**Your assignment**
In this exercise, retype exactly the lines from the start of the entries through the line bearing "BE24WQLB - foto 3", leaving every picture out.

**Listed records**

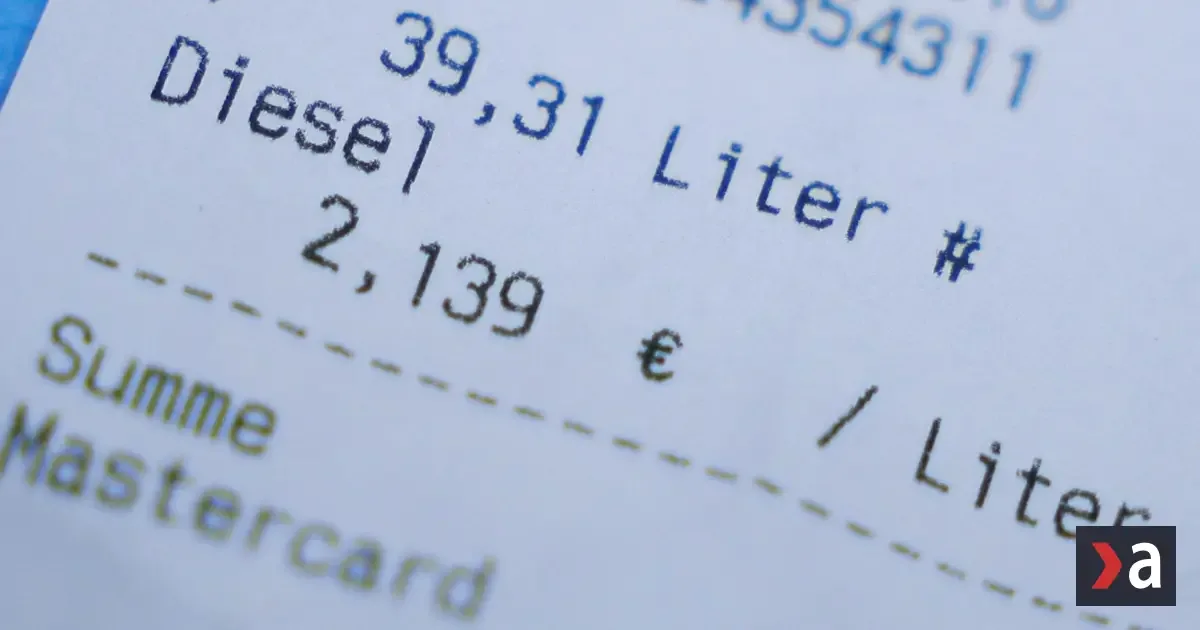 Nafta núti EÚ konať. Brusel zvoláva štáty, žiada rýchle riešenia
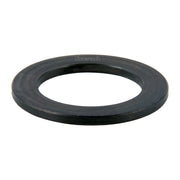 RONDELLA RIDUZIONE P/DISCHI D. 30-20 MM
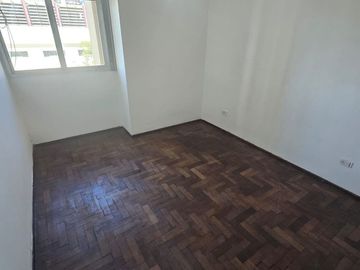 VENTA DEPARTAMENTO 2 DORM. Y 2 BALCONES EN ALBERDI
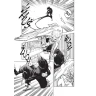 Jujutsu Kaisen - Prokleté války 12: Šibujský incident: Zmrtvýchvstání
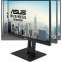 Monitors ASUS 24" BE24WQLB - foto 3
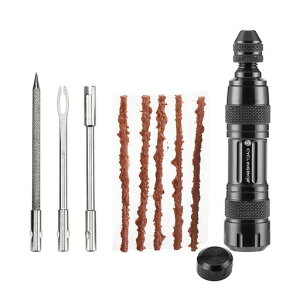 Kigauru]ԃ^CCLbgA~jEoL[^C̏C~jgщ}CXgbv`[uXpNCLbg]ԃ^CCc[pNvO֗Ȏ[{bc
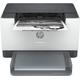 HP LaserJet M209dw Printer, Black and white, Printer for Home and home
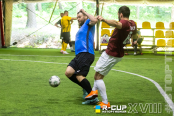 <a href="https://st.getinfootball.com/albums/1095374/68505a3ed5b6e_1920.jpg" target="_blank">Завантажити оригінал</a>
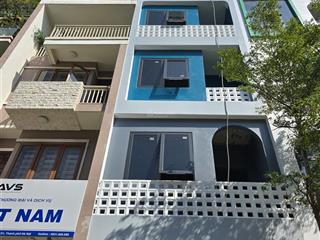 Chỉ 15 tỷ đã có nhà phân lô khu đô thị xa la  hà đông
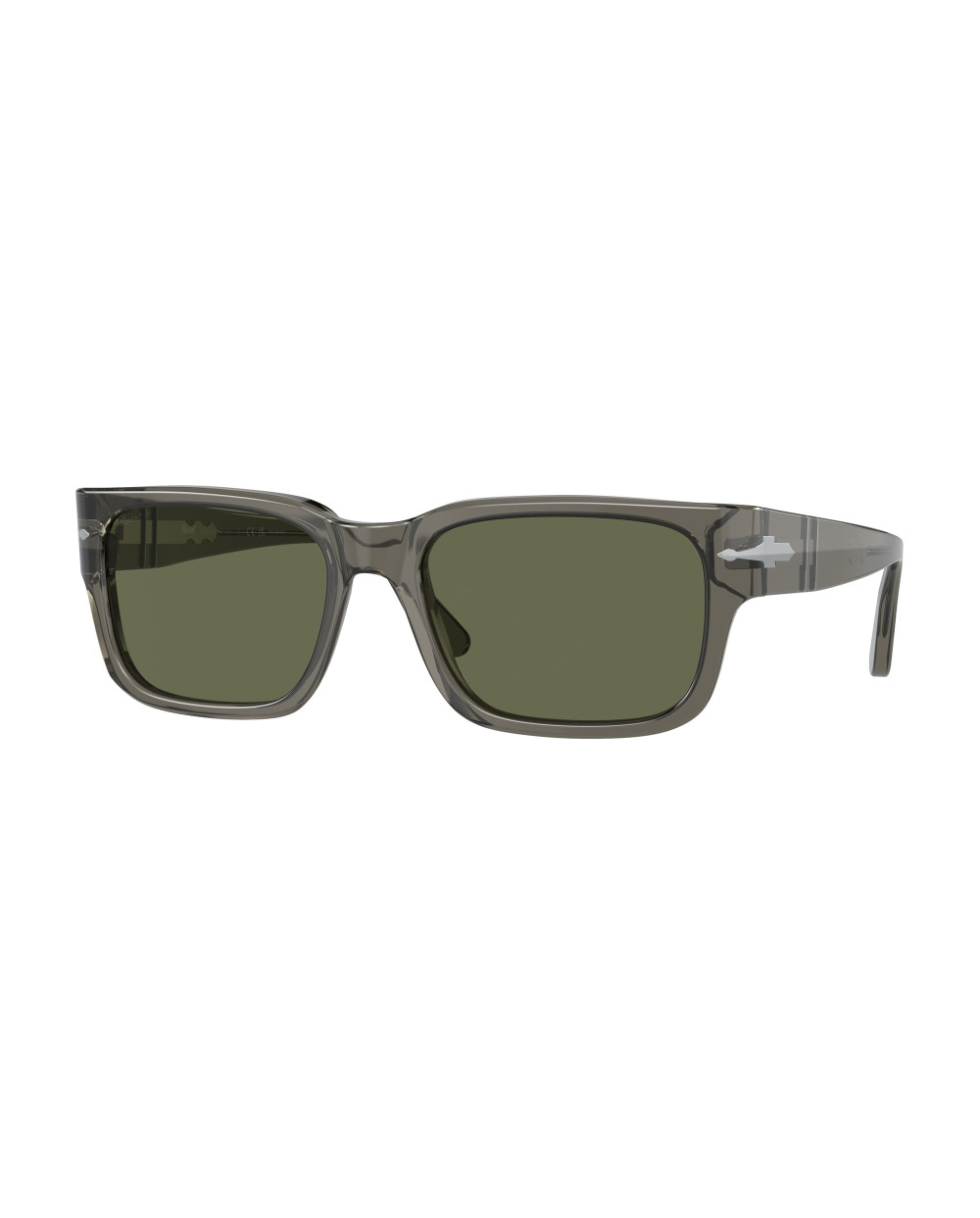 PERSOL PO3315S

**Solution for this problem**
 Nafta núti EÚ konať. Brusel zvoláva štáty, žiada rýchle riešenia
 RONDELLA RIDUZIONE P/DISCHI D. 30-20 MM
 VENTA DEPARTAMENTO 2 DORM. Y 2 BALCONES EN ALBERDI
 Jujutsu Kaisen - Prokleté války 12: Šibujský incident: Zmrtvýchvstání
 Monitors ASUS 24" BE24WQLB - foto 3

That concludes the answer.